TASK OBJECTIVE: Copy word for word the line containing "KRONOPOL Ламиниран паркет" together with all lines following it to the end of the listing below, without the pictures.

EXTRACTED MATERIAL:
• • •
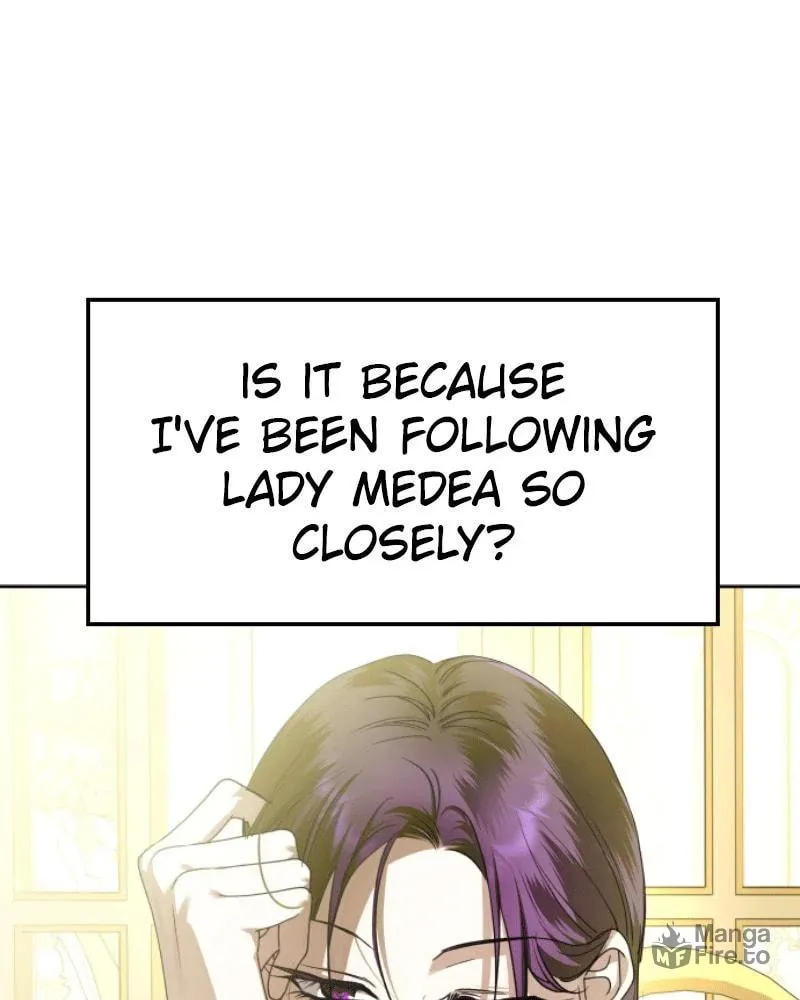 Read Your Throne chapter 229 image 64 on Lezhin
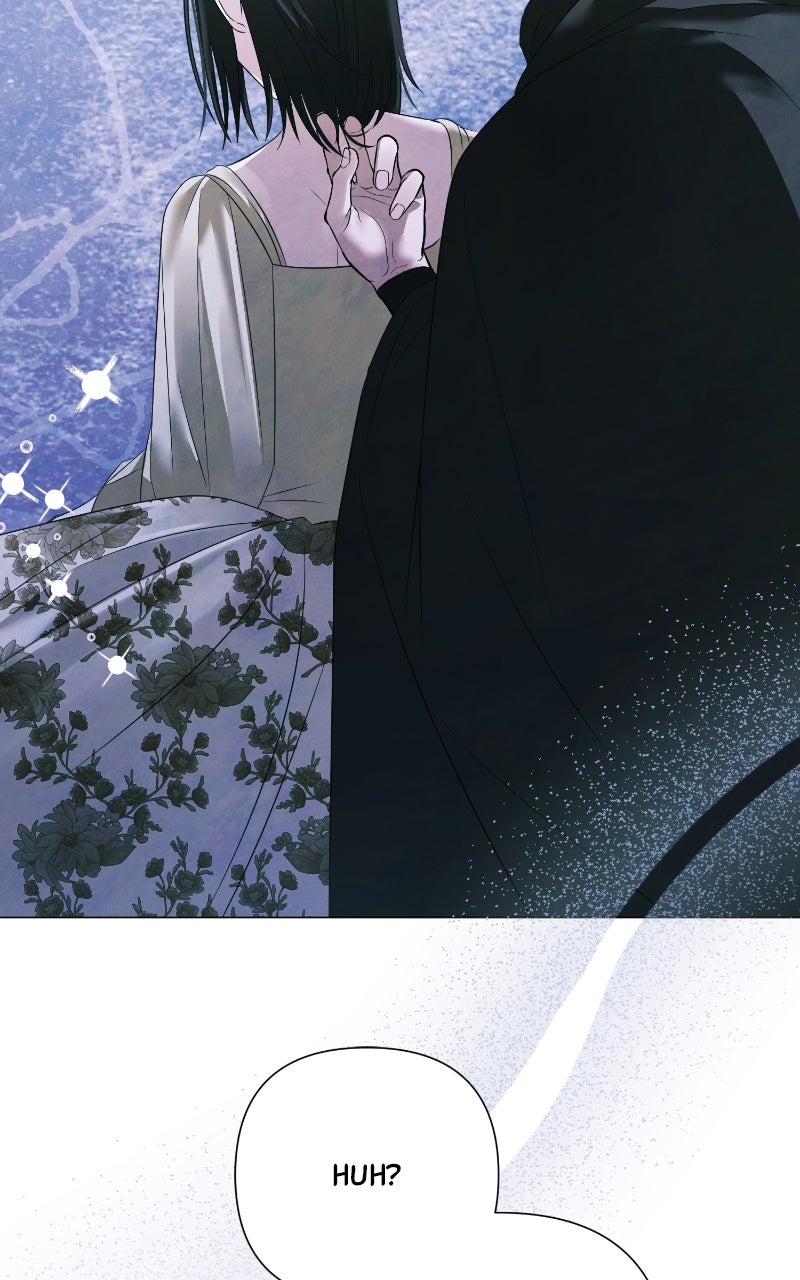 Read Too Late for Regrets chapter 73 image 62 on Lezhin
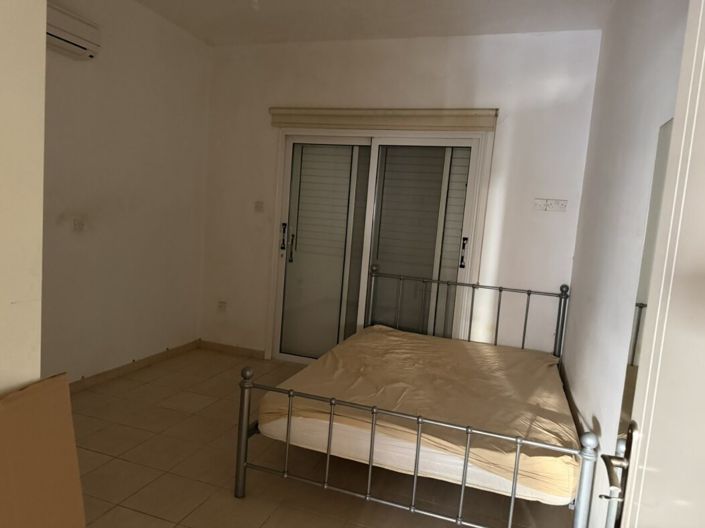 Image No.8-1 Bed Apartment for sale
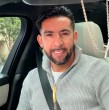 La influencer española Gala Caldirola confesó cuál es su actual vínculo con su expareja y padre de su hija, Mauricio Isla, luego de que este confirmara su retiro deportivo.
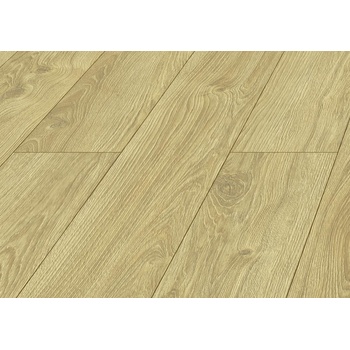 KRONOPOL Ламиниран паркет Дъб Грапа AC5/3 8мм 72h (40054LFL)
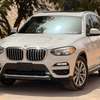 BMW X3 Xdrive 30i 2019 thumb 2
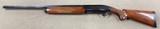 Browning Gold Hunter 20 Ga Belgium 26 Inch Inv Plus - excellent - 5 of 13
• • •
OUTPUT FOR THIS EXERCISE:
 KRONOPOL Ламиниран паркет Дъб Грапа AC5/3 8мм 72h (40054LFL)
 BMW X3 Xdrive 30i 2019 thumb 2
 Browning Gold Hunter 20 Ga Belgium 26 Inch Inv Plus - excellent - 5 of 13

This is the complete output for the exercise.